Once we were on top of the ridge, it wasn’t too difficult to get to Field or Willey. We followed the Willey Range Trail, losing and gaining altitude quickly between the peaks and managing quick mountain views through the trees as we hiked. Both peaks were similarly wooded but Willey had a nice lookout and we could see snow-covered Mt. Washington. It was nice to be above the world, looking out to only mountains, with just one road cutting through the wilderness. After months of online school and frustration, I needed to escape to my happy place and feel that mountaintop dopamine rush.
I was cold on the downhills when I was working less, especially since the wind was picking up and snowflakes were beginning to fall. Even though I had a tube insulator for my water bladder, my water still froze in the tube. I tried to keep the water moving by drinking from it frequently, but I forgot about it for too long. Luckily, I wasn’t very thirsty with only downhill to go, and I had an empty plastic bottle to pour the water into in case I did need water. I could only imagine how rough the conditions were on Mt. Washington that day.
Although the trail up to the ridge was fairly gradual, the trail down was very steep and icy. I jammed my spikes in with each slippery step, and kept my poles in front, praying that my gear would hold. My dad recalled that the first time he was on the trail with my mom, he took a faceplant and cut his nose open, needing three stitches. Determined to keep myself from the same fate, I made sure I was planting each foot into a solid chunk of ice instead of wet rock. We soon reached wooden ladders descending an icy pitch and Zealand refused to take them. So, my dad and her took a wide path around them, making their own trail in the woods to get by in a dog-friendly manner.
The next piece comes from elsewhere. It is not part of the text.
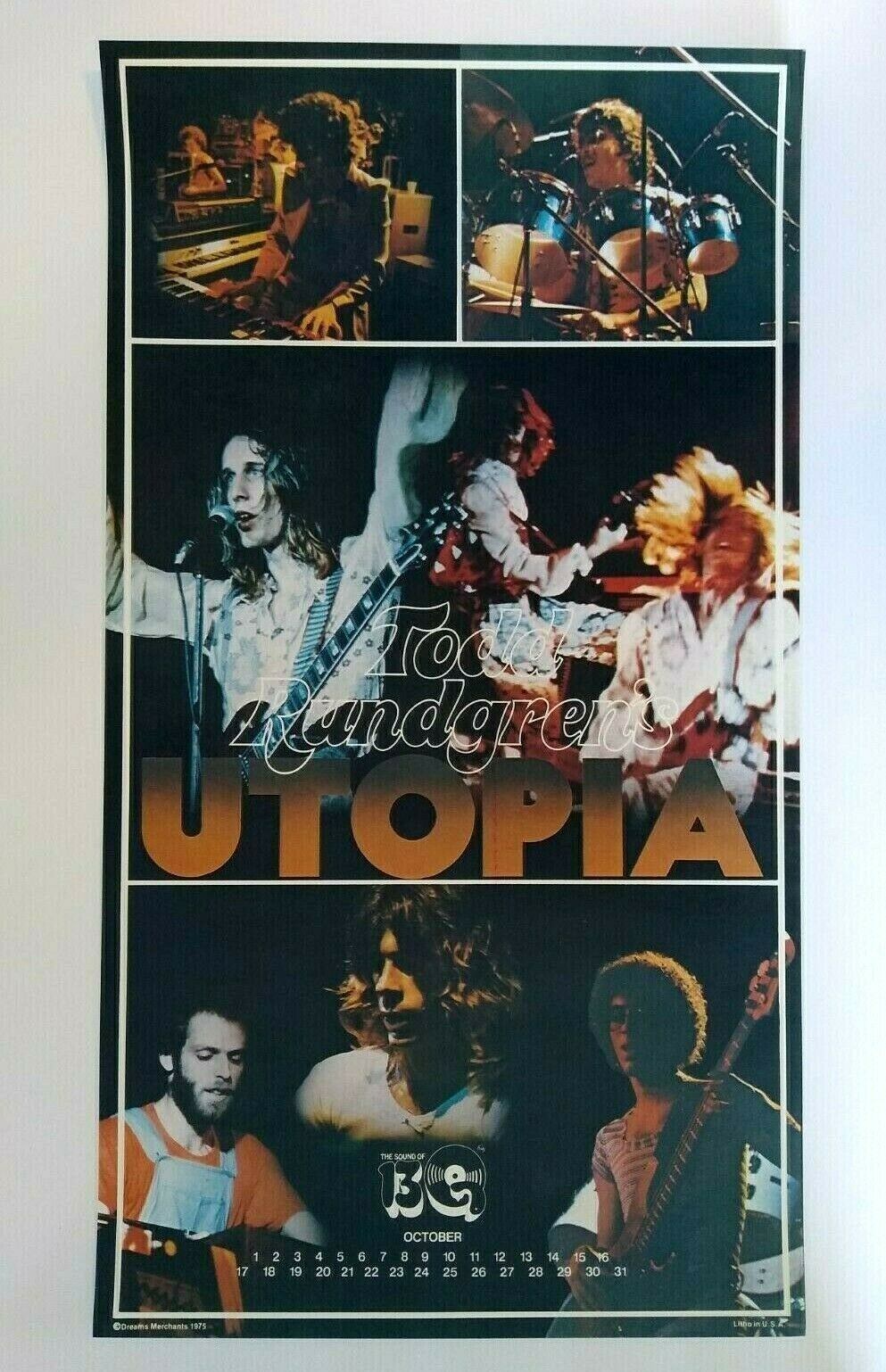 Todd Rundgren Utopia Band Poster Original 1975 Prog Rock Music 22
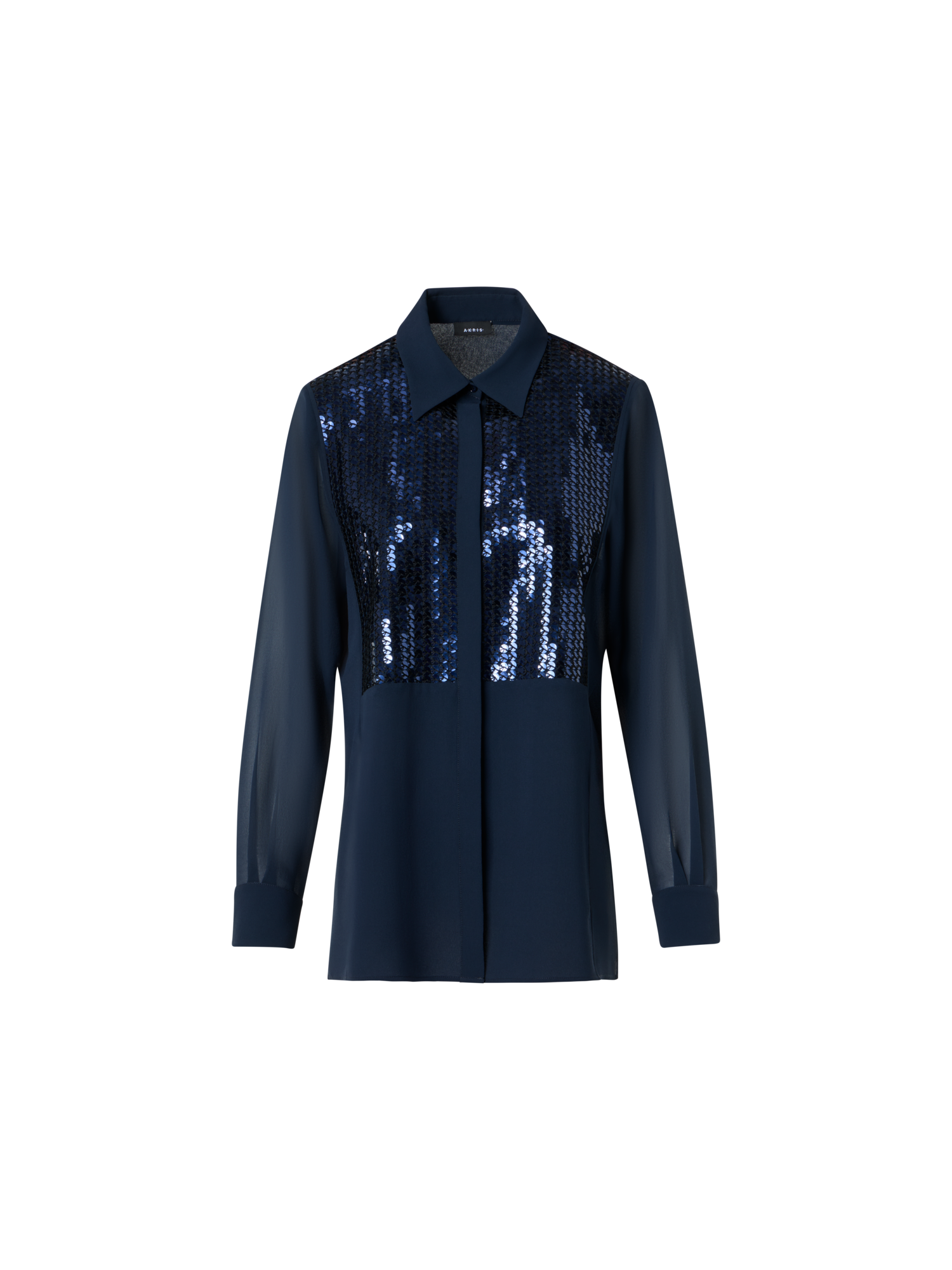 Designer Seiden-Georgette-Bluse mit Pailletten-Plastron - Dunkelblau - Blau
The mileage to the car was short, but we had so much altitude to lose. Eventually, we could see the road below us as we rode the switchbacks back and forth across the pitch. Once we crossed the railroad, we didn’t have far to go to the car. By the end of the hike, the weather had warmed up to 30 degrees, which felt nice. At last we reached the parking lot and my dad and I together consumed almost a whole pizza that we picked up from Gorham on the way back to Maine. And of course I had my ice cream sandwich tradition. I look forward to many more happy hikes in 2021.